> [What you have to do]:
Output the records, every one, exactly as given.

[[ Input material, beginning ]]

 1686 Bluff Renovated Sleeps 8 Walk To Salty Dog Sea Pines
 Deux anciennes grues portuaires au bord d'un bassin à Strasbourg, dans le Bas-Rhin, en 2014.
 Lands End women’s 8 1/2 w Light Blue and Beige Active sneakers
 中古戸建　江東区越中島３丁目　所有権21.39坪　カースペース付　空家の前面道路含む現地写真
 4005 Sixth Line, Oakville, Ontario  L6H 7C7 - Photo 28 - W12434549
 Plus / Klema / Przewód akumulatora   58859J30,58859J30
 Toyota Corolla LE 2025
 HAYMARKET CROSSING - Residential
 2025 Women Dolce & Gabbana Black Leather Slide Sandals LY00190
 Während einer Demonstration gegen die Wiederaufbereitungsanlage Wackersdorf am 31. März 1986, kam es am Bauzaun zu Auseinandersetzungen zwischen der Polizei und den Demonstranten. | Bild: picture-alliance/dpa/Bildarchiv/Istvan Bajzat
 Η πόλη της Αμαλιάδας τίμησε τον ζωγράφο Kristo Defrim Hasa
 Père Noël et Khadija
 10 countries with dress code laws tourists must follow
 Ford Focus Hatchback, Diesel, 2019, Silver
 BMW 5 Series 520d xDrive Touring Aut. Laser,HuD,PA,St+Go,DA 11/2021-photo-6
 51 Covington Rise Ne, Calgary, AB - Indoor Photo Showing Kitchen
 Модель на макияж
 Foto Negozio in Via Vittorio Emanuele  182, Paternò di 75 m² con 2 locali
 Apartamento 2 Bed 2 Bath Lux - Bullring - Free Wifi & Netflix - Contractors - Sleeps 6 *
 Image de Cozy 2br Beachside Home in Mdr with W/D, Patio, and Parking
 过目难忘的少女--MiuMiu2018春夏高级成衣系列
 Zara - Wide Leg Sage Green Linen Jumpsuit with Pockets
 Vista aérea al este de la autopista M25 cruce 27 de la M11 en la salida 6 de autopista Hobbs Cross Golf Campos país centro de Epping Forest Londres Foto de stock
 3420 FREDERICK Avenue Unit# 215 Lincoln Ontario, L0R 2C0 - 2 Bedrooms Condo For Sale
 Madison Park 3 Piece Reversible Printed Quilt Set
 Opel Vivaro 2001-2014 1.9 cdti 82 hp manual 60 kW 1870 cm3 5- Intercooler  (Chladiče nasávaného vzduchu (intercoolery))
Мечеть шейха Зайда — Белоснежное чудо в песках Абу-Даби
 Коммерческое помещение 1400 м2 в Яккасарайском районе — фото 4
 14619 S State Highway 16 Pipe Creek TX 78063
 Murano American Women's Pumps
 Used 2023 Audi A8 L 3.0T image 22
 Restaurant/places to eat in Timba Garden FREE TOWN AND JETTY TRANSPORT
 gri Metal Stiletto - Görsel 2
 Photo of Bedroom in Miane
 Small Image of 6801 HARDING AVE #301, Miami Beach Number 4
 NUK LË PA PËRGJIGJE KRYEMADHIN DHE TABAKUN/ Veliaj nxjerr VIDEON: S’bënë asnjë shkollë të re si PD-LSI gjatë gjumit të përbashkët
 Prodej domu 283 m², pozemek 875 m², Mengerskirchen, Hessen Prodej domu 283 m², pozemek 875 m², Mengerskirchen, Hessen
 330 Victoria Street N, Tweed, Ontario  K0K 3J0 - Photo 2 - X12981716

[[ Input material, end ]]

> [Response to the exercise]:
 1686 Bluff Renovated Sleeps 8 Walk To Salty Dog Sea Pines
 Deux anciennes grues portuaires au bord d'un bassin à Strasbourg, dans le Bas-Rhin, en 2014.
 Lands End women’s 8 1/2 w Light Blue and Beige Active sneakers
 中古戸建　江東区越中島３丁目　所有権21.39坪　カースペース付　空家の前面道路含む現地写真
 4005 Sixth Line, Oakville, Ontario  L6H 7C7 - Photo 28 - W12434549
 Plus / Klema / Przewód akumulatora   58859J30,58859J30
 Toyota Corolla LE 2025
 HAYMARKET CROSSING - Residential
 2025 Women Dolce & Gabbana Black Leather Slide Sandals LY00190
 Während einer Demonstration gegen die Wiederaufbereitungsanlage Wackersdorf am 31. März 1986, kam es am Bauzaun zu Auseinandersetzungen zwischen der Polizei und den Demonstranten. | Bild: picture-alliance/dpa/Bildarchiv/Istvan Bajzat
 Η πόλη της Αμαλιάδας τίμησε τον ζωγράφο Kristo Defrim Hasa
 Père Noël et Khadija
 10 countries with dress code laws tourists must follow
 Ford Focus Hatchback, Diesel, 2019, Silver
 BMW 5 Series 520d xDrive Touring Aut. Laser,HuD,PA,St+Go,DA 11/2021-photo-6
 51 Covington Rise Ne, Calgary, AB - Indoor Photo Showing Kitchen
 Модель на макияж
 Foto Negozio in Via Vittorio Emanuele  182, Paternò di 75 m² con 2 locali
 Apartamento 2 Bed 2 Bath Lux - Bullring - Free Wifi & Netflix - Contractors - Sleeps 6 *
 Image de Cozy 2br Beachside Home in Mdr with W/D, Patio, and Parking
 过目难忘的少女--MiuMiu2018春夏高级成衣系列
 Zara - Wide Leg Sage Green Linen Jumpsuit with Pockets
 Vista aérea al este de la autopista M25 cruce 27 de la M11 en la salida 6 de autopista Hobbs Cross Golf Campos país centro de Epping Forest Londres Foto de stock
 3420 FREDERICK Avenue Unit# 215 Lincoln Ontario, L0R 2C0 - 2 Bedrooms Condo For Sale
 Madison Park 3 Piece Reversible Printed Quilt Set
 Opel Vivaro 2001-2014 1.9 cdti 82 hp manual 60 kW 1870 cm3 5- Intercooler  (Chladiče nasávaného vzduchu (intercoolery))
Мечеть шейха Зайда — Белоснежное чудо в песках Абу-Даби
 Коммерческое помещение 1400 м2 в Яккасарайском районе — фото 4
 14619 S State Highway 16 Pipe Creek TX 78063
 Murano American Women's Pumps
 Used 2023 Audi A8 L 3.0T image 22
 Restaurant/places to eat in Timba Garden FREE TOWN AND JETTY TRANSPORT
 gri Metal Stiletto - Görsel 2
 Photo of Bedroom in Miane
 Small Image of 6801 HARDING AVE #301, Miami Beach Number 4
 NUK LË PA PËRGJIGJE KRYEMADHIN DHE TABAKUN/ Veliaj nxjerr VIDEON: S’bënë asnjë shkollë të re si PD-LSI gjatë gjumit të përbashkët
 Prodej domu 283 m², pozemek 875 m², Mengerskirchen, Hessen Prodej domu 283 m², pozemek 875 m², Mengerskirchen, Hessen
 330 Victoria Street N, Tweed, Ontario  K0K 3J0 - Photo 2 - X12981716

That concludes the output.